The mother of a wheelchair user forced off a bus has urged drivers to do more to help disabled passengers.

Caroline Hazelgrave said her son Luke, 26, who has cerebral palsy, was asked to get off a Leeds bus when a passenger would not stand to allow his wheelchair on.

The incident followed a Supreme Court ruling in January that bus drivers must do more for wheelchair users.

First Bus said it was "disappointed" Mr Hazelgrave was unable to travel.

Mrs Hazelgrave, from Garforth, said her son had already waited for three buses to pass before one arrived with room for him on 7 March.

'Done nothing wrong'

When he boarded with his support worker, a passenger sitting on a pull-down seat said he would not stand to allow the wheelchair to park safely.

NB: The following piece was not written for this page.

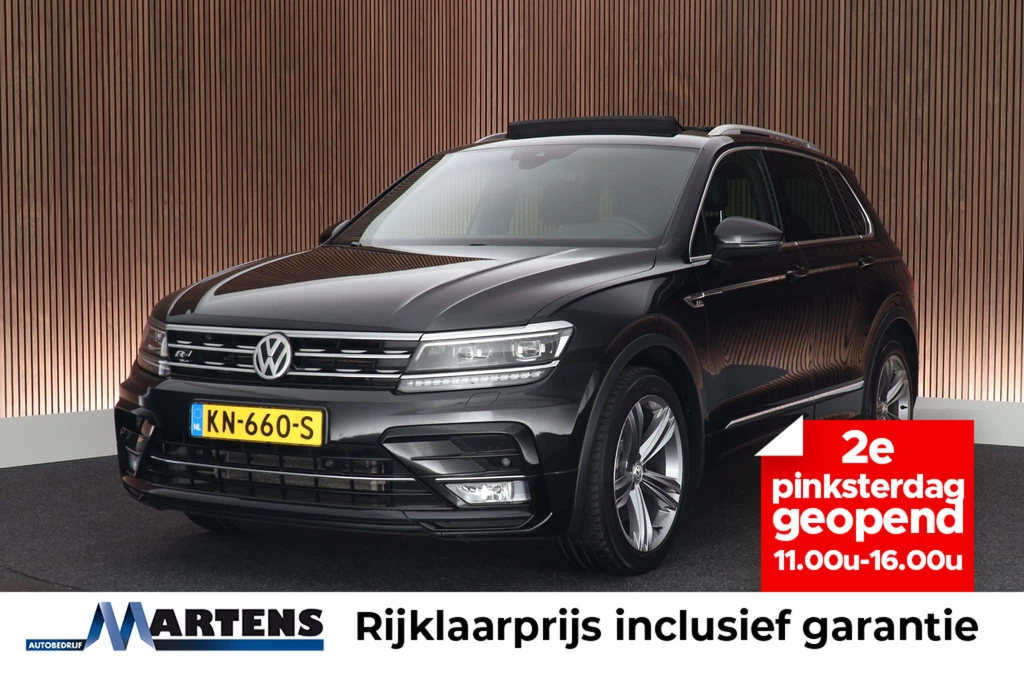 Volkswagen Tiguan – foto 1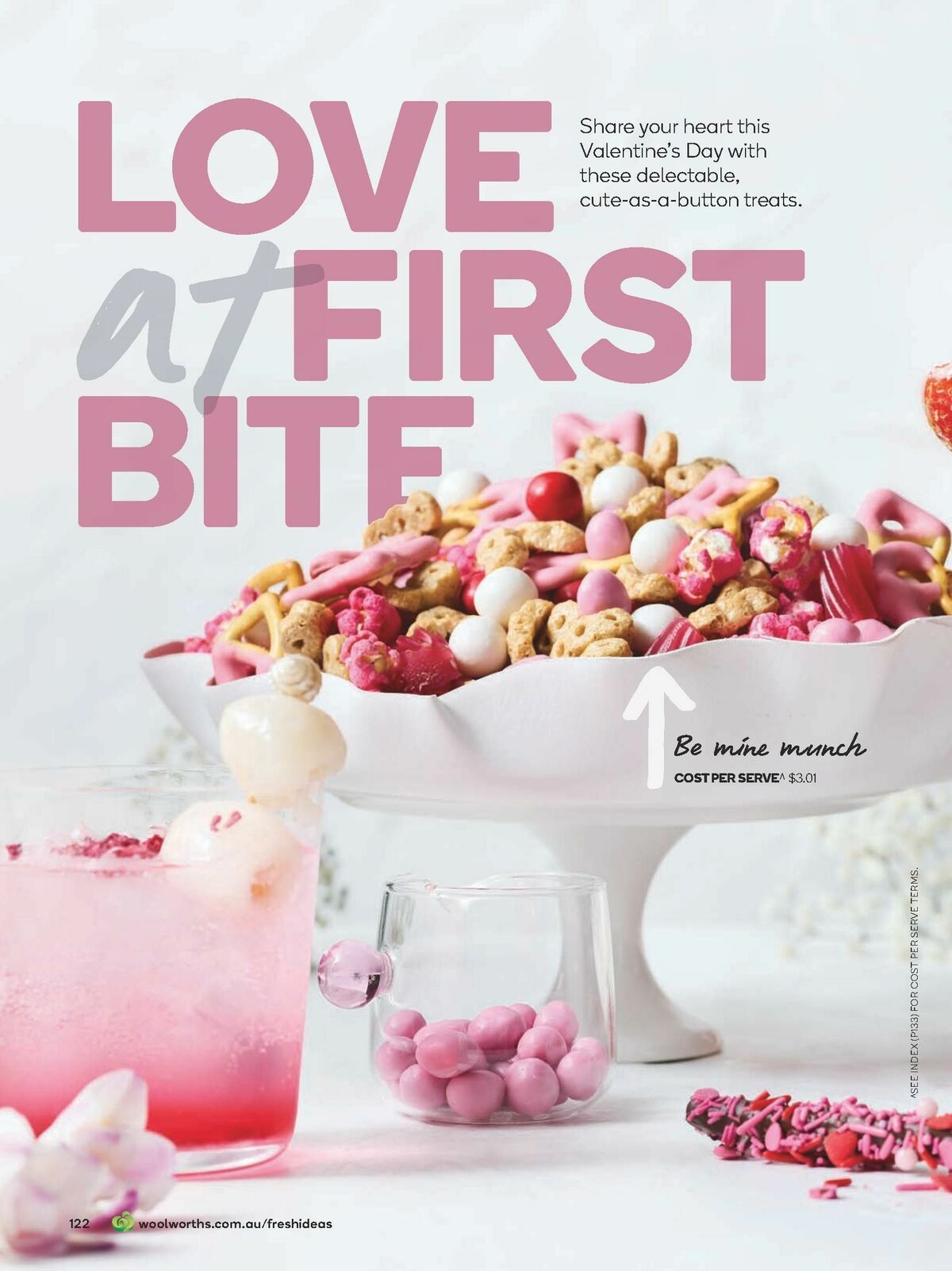 Woolworths Magazine January / February Catalogues from 1 January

Mrs Hazelgrave said: "The support worker asked him nicely if he wouldn't mind moving so my son could position his wheelchair in the space. The man refused to move."

She added the driver then filled in a form for her son which said he had to get off because the bus was full.

Image caption Mr Hazelgrave's mother said more needs to be done to help wheelchair users

She said: "The driver, he could have been firmer, he could have refused to drive the bus.

"Why did my son have to leave the bus when he had done nothing wrong?"

Mr Hazelgrave said: "I'd just like them to move. That's all it takes."

First Bus said it had apologised to Mrs Hazelgrave and stressed that customers using the wheelchair area were required to make way where reasonable to do so.

It said: "Our driver explained the situation to Luke and provided a ticket to confirm the space around the wheelchair area was full."